A história pode nos ensinar: impérios permanecem hegemônicos enquanto produzem mais do que consomem. Romanos, persas, otomanos ou britânicos reinaram enquanto mantiveram superávits comerciais substantivos em relação ao resto do mundo. Os Estados Unidos, no entanto, representam uma anomalia histórica: mantêm um imenso poder global mesmo com um déficit comercial crônico que sobrevive há mais de meio século.
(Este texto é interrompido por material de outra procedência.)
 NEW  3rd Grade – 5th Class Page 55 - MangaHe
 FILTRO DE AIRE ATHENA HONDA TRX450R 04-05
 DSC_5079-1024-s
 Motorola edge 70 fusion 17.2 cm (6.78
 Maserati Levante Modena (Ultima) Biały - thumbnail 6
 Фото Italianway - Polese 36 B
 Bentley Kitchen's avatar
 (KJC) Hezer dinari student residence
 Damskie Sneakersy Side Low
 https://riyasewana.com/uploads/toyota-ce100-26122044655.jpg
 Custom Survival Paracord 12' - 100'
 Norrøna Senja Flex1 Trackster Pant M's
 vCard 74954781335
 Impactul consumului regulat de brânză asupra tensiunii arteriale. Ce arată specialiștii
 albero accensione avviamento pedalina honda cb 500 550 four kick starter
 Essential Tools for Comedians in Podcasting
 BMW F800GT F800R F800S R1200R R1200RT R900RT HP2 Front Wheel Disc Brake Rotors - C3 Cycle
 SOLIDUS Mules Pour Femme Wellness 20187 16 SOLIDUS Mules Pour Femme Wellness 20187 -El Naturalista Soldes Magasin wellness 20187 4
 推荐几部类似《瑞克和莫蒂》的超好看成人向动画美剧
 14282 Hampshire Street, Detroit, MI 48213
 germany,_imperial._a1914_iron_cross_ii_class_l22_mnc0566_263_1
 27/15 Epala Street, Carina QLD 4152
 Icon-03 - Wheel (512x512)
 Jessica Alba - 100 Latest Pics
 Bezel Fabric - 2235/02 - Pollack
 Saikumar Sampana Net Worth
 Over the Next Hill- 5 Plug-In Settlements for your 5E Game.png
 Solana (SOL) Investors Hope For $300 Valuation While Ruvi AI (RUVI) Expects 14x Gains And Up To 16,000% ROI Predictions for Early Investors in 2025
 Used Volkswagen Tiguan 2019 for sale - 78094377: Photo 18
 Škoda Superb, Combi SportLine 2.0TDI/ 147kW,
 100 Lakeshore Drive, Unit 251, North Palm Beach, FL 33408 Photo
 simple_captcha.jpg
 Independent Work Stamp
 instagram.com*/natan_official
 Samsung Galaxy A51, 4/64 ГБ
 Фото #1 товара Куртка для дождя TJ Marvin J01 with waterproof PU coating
A fórmula para essa deformidade é o “privilégio exorbitante” de controlar a moeda de reserva internacional. Ao emitir o dólar – o dinheiro que o mundo mais usa – os Estados Unidos financiam seu próprio consumo e uma máquina de guerra formidável, abrindo espaço para gastar muito mais do que produzem. A questão fundamental é: até quando a supremacia do dólar pode mascarar o crescente declínio relativo da sua economia real?

A engenhosidade americana foi posta à prova e reafirmada em diversas ocasiões.

No final dos anos 1960, os crescentes gastos dos Estados Unidos com a Guerra do Vietnã e programas sociais geraram uma desconfiança global sobre a capacidade do país de honrar a paridade dólar-ouro que dava sustentação à moeda norte-americana como reserva internacional desde 1944. Há uma história muito repetida segundo a qual a França, sob a liderança de Charles de Gaulle, enviou navios de guerra a Nova York para resgatar o ouro francês armazenado no Federal Reserve, sob temor de um calote iminente.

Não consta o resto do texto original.